The research behind this article:

The cloister of Sant'Andrea in Genoa, Italy. Photo courtesy of Lee Morrison

The article takes a close look at the process of urban development and neighborhood formation in a medieval city, which is my primary research focus. I have always been interested in the physical development of cities during the middle ages, especially the lands on the edges of cities where most of the growth happens. These are the areas where migrants from the countryside established themselves in the city and where the workers, who were the backbone of the urban economy, made their residences. Because land was cheap in these areas, and the buildings were less spectacular than those in the city center, peripheral neighborhoods haven't been as thoroughly studied, but they can tell us quite a bit about who was coming to the city and how they interacted with urban institutions, especially notaries and religious communities.
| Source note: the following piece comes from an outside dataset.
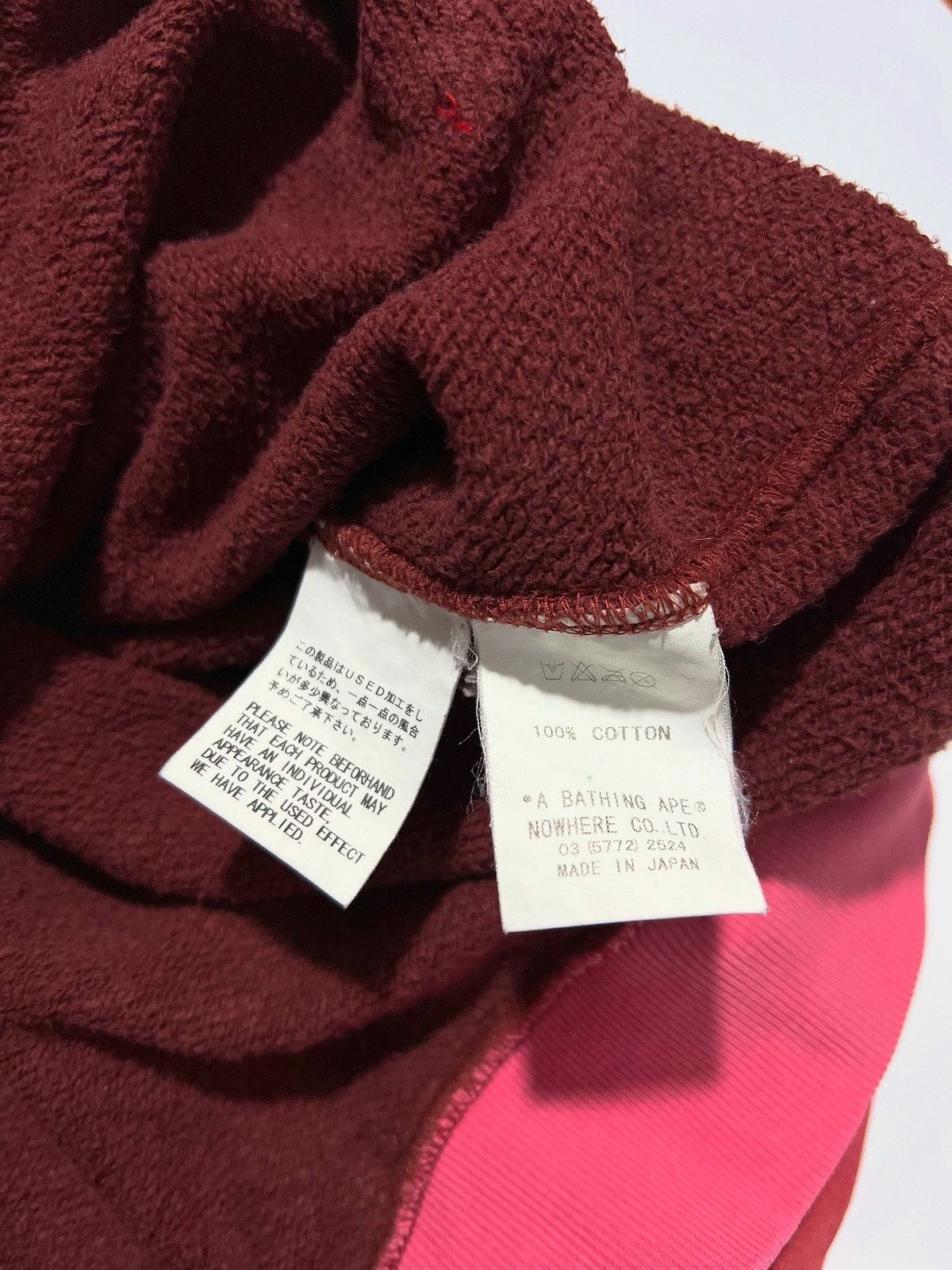 Bape BAPE VINTAGE 2006 Size US M / EU 48-50 / 2 - 5 Thumbnail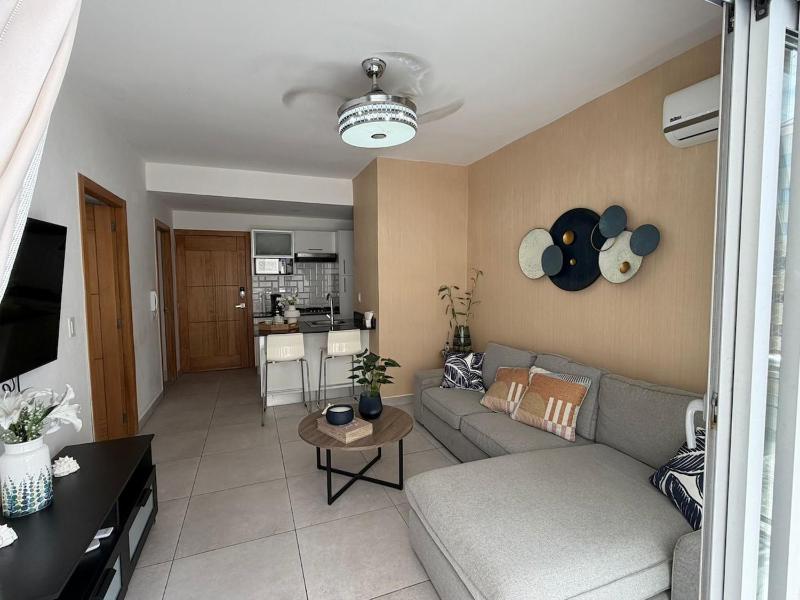 Modern Ocean View 1BR in La Esperilla Pool Gym - image 3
I am also interested in applying digital humanities methodologies to medieval history, including geospatial mapping and spatial prosopography. The documents that I used for this article include boundary descriptions of the front, back, and sides of each property. Piecing these descriptions together was challenging, but it presented an opportunity to map out the neighborhood of Sant'Andrea over about a century and look closely at how successive abbesses contributed to the urban environment around them. 

Broadly, I study the social and economic history of Northern Italian cities. My dissertation project focuses on the social structures of residential neighborhoods on urban monastic lands in medieval Genoa, between 1150-1350. My work examines the relationships between ecclesiastical institutions and their tenants, arguing that both groups were influential contributors to urbanization during the thirteenth and fourteenth centuries. I primarily use documents produced by notaries, but my work also draws upon institutional archives, episcopal legislation, and vernacular sources to provide a broad perspective on urban life during the period. 

Lee Morrison visiting the cloister of Sant'Andrea in Genoa. Photo courtesy of Lee Morrison.

How he learned of this opportunity:

When I was preparing the piece for submission, I researched several journals to try to find the best fit. With its focus on interdisciplinary research (and very magnanimous word limit!), Viator seemed to be the ideal journal for this piece, and they generously print their issues in color, which allowed me to make the most of the neighborhood maps that I had developed. The editors, Matthew and Allison, have been very supportive through the publishing process and beyond. They have stayed in contact with me since the initial publication, including notifying me that my article was eligible for the Andy Kelly prize this year. I am very grateful to them for the support that they have shown me and my work.

Advice  to others who are preparing work for publication:

While I was preparing the manuscript for initial submission and trying to decide when it was ready, I tried to remind myself that it should be polished, but not perfect. For graduate students in particular, you shouldn't feel that you have to wait until the end of the graduate program to try and submit something to a journal. It is extremely valuable to gain early experience with the submission procedures, peer review, and corresponding with editors. Regardless of the outcome of the submission, the feedback that you receive from reviewers will challenge and ultimately improve your writing.